Unsere Sprache hat sich im Laufe der Jahrhunderte stark gewandelt. Der Tag der deutschen Sprache soll den Sinn für die Ausdruckskraft der deutschen Sprache schärfen und den unkritischen Gebrauch von Fremdwörtern eindämmen. Der Verein Deutsche Sprache (VDS) organisiert den Tag seit 2001 jährlich am zweiten Samstag im September. Wir haben mit dem Geschäftsführer des Vereins, Dr. Holger Klatte, über die wichtigsten Veränderungen gesprochen.
Dr. Holger Klatte, Geschäftsführer des Vereins Deutsche Sprache (VDS). Foto: FF

Dr. Holger Klatte, Geschäftsführer des Vereins Deutsche Sprache (VDS). Foto: FF

Herr Dr. Klatte, was sind aus Ihrer Sicht die größten Veränderungen in der deutschen Sprache? Klatte: "Sprachen verändern sich fortlaufend, aber seit einigen Jahrzehnten erlebt die deutsche Sprache Veränderungen, die den Status des Deutschen als Standardsprache infrage stellen. Die neuen Medien und Kommunikationsdienste wie WhatsApp haben besondere Sprachformen ausgebildet, die wir im alltäglichen Deutsch wiederfinden, zum Beispiel das Weglassen von Satzteilen. In Ballungsräumen wie dem Ruhrgebiet und in Berlin verwendet besonders die jüngere Generation eine deutsche Sprache, die fehlerhaft ist und stark von anderen Sprachen beeinflusst wird.
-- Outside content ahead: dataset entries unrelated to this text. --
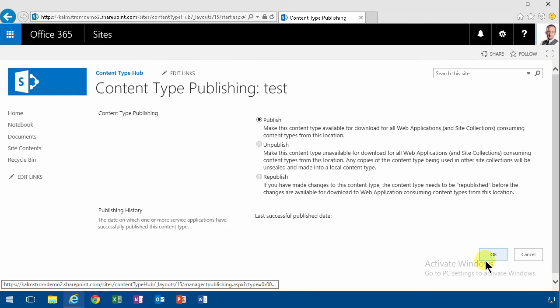And that means that it will be available for searching based on this content type. It will be available, of course, also for creating new lists based on that. So that's a very powerful thing.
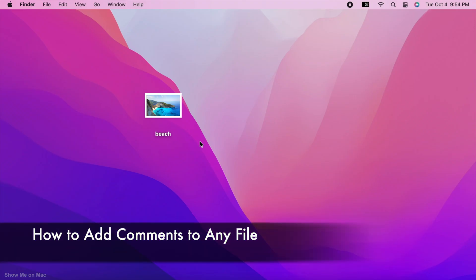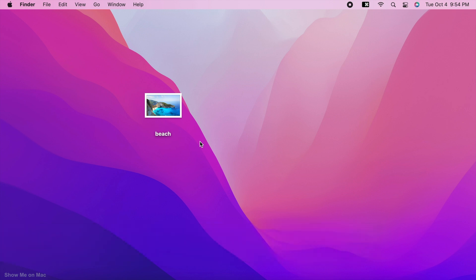Hello and welcome. You can use comments or notes to add a block of text to any file in macOS. It could be used as a description for what the file is about.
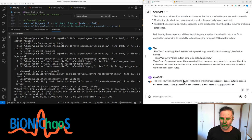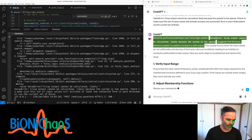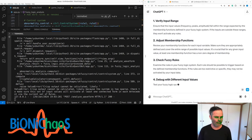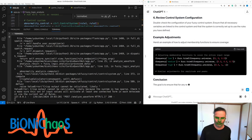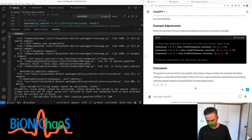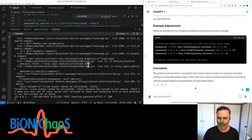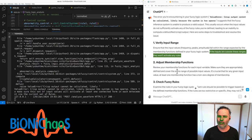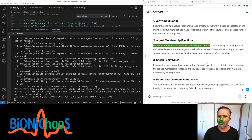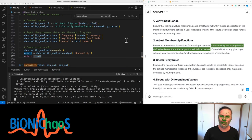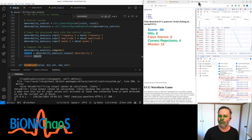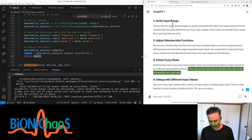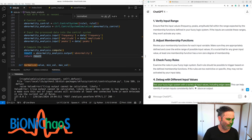The error 'crisp output cannot be calculated - system too sparse' means the fuzzy inference system is unable to produce a valid output because input values do not sufficiently activate any defined fuzzy rules. Troubleshooting steps: ensure input values for frequency, peaks, and amplitude fall within the range expected by your membership functions; review membership functions to ensure they cover the entire range of possible input values; verify rules are not too restrictive; and test the fuzzy logic system with a variety of input values including edge cases.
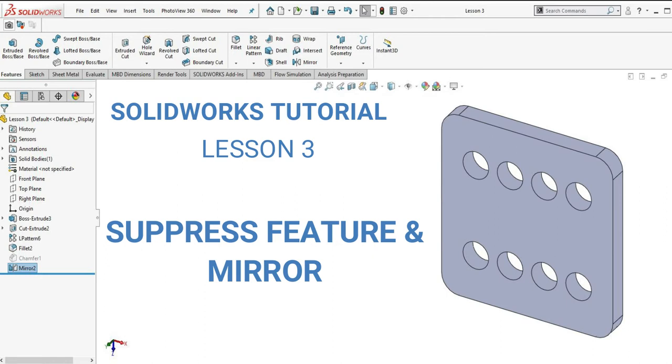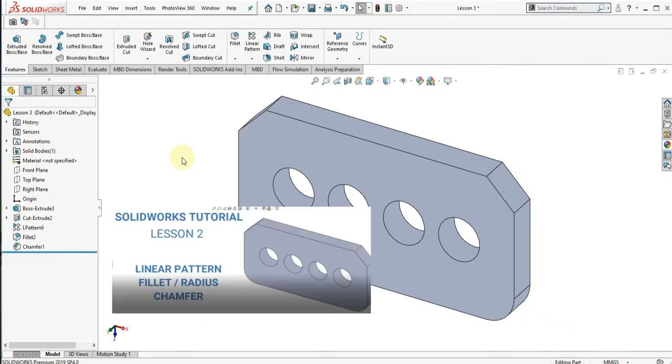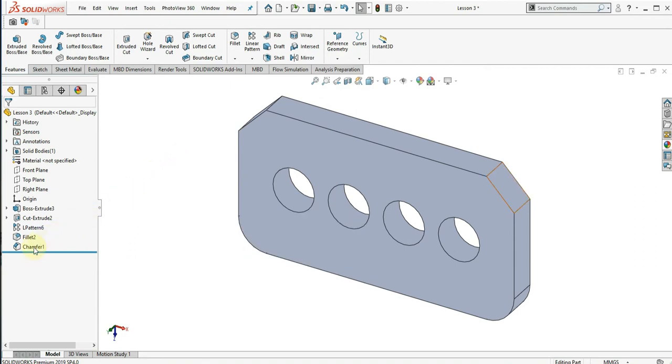In this lesson, we will use the part that we made from lesson 2. Right click on the chamfer feature and select suppress.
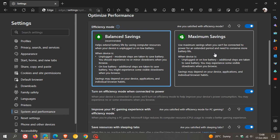Now, if we head over to maximum savings, it says in the description, use maximum savings when you can't be connected to power for an extended period and need to conserve more battery life. When device is unplugged or on low battery, additional steps are taken to save battery. And again, they say you may experience some visible slowdowns when you browse.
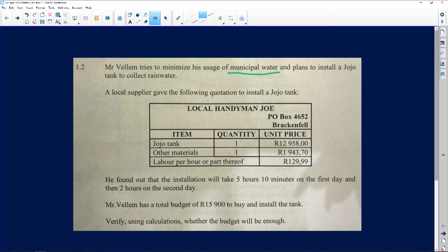Whenever you see the words 'part thereof,' it simply means that whatever part of the next hour is already being charged. For example, if I'm charging R50 an hour or part thereof, and the job takes one hour and three minutes, I automatically start charging another R50 for those three minutes — not a pro-rated amount. That's just how it works in terms of cost.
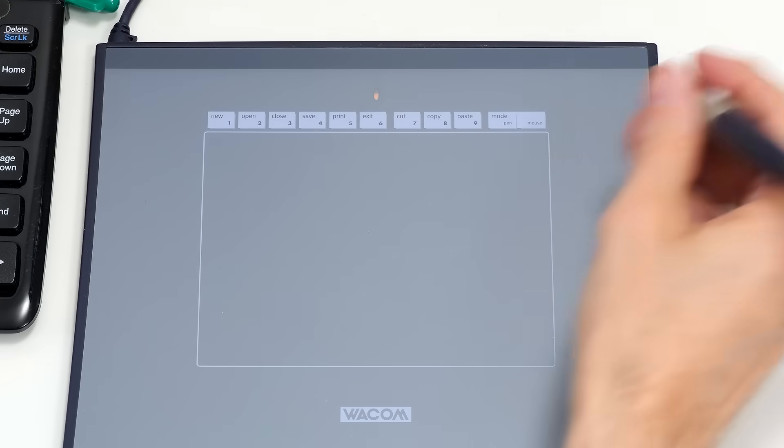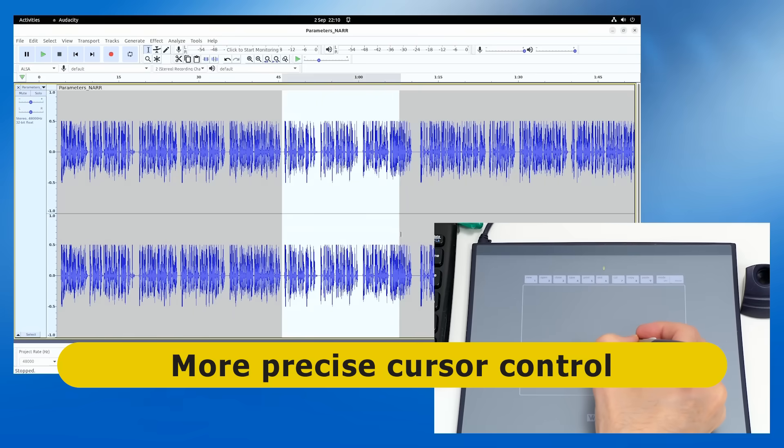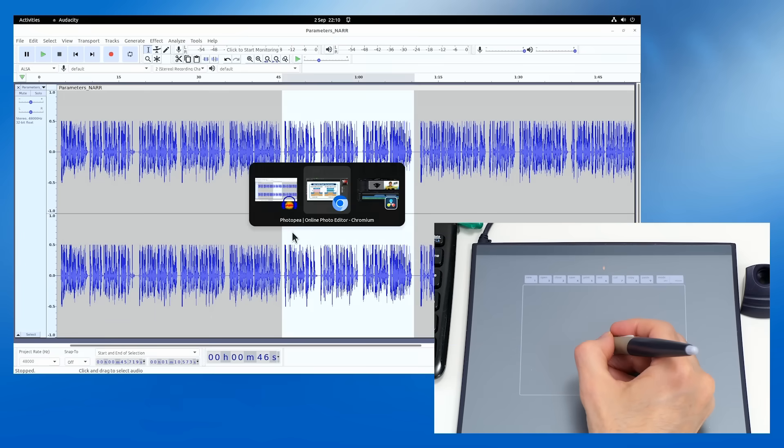Why surrender some of your precious desk space to a graphics tablet? Well, one reason is that it provides more precise cursor control. This is particularly beneficial when using painting, drawing and other media applications or when annotating documents. For a digital artist, a large graphics tablet can transform the creative experience. However, another key benefit is that a graphics tablet provides a more comfortable and natural user experience. Many of us who use a small graphics tablet do so primarily on ergonomic grounds, as it may avoid or lessen problems with RSI, arthritis and other pain that may result from or be aggravated by the long-term use of a mouse.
Grund dafür ist, dass beim Förderunterricht gespart wurde. Noch schlimmer ist, dass sich ganze Berufsgruppen von der deutschen Sprache verabschieden, denn in vielen Unternehmen und Agenturen ist die Arbeitssprache Englisch oder Denglisch. Dies hat zur Folge, dass der Wortschatz der deutschen Sprache kaum weiterentwickelt wird und diejenigen abgehängt werden, die wenig Englisch beherrschen."

Unter Sprachwissenschaftlern gibt es Vertreter, die sagen, dass Sprache leben und sich als Spiegel einer sich globalisierenden Gesellschaft auch verändern muss. Teilen Sie diese Ansicht? "Natürlich verändert sich die Sprache mit der Zeit. Wir sprechen und schreiben ja heute nicht mehr wie zu Luthers Zeiten. Aber die gegenwärtigen Veränderungen sind mit den Medienrevolutionen vergangener Jahrhunderte nicht vergleichbar, sodass größere Anstrengungen nötig sind, um die deutsche Sprache fortzuentwickeln. Denn die deutsche Sprache ist die verbindende Grundlage für die gesamte Sprachgemeinschaft. Es ist eine Errungenschaft, dass wir alles in deutscher Sprache ausdrücken können und dass in der Schule eine einheitliche Grammatik gelehrt werden kann. Das dürfen wir nicht einfach herschenken." Allein im 20. Jahrhundert hat sich die deutsche Sprache um ein Drittel erweitert. Wie bewerten Sie heute ihren Zustand – droht gar der bisweilen beklagte Verfall, etwa durch Facebook, Twitter und Co.? "Deutsch ist gegenwärtig eine wunderbare und vielseitig verwendbare Sprache mit einer gut ausgeprägten Literatur- und Musikszene auf Deutsch. Besonders erfreulich ist, dass lyrische Texte sehr beliebt sind. Aber die Probleme bei der Sprachförderung und beim Verdrängen der deutschen Sprache durch das Englische sind unübersehbar. Facebook, Twitter und Co. bleiben ein kleines Problem, wenn die Nutzer lernen, zwischen angemessenen Sprachsituationen zu unterscheiden."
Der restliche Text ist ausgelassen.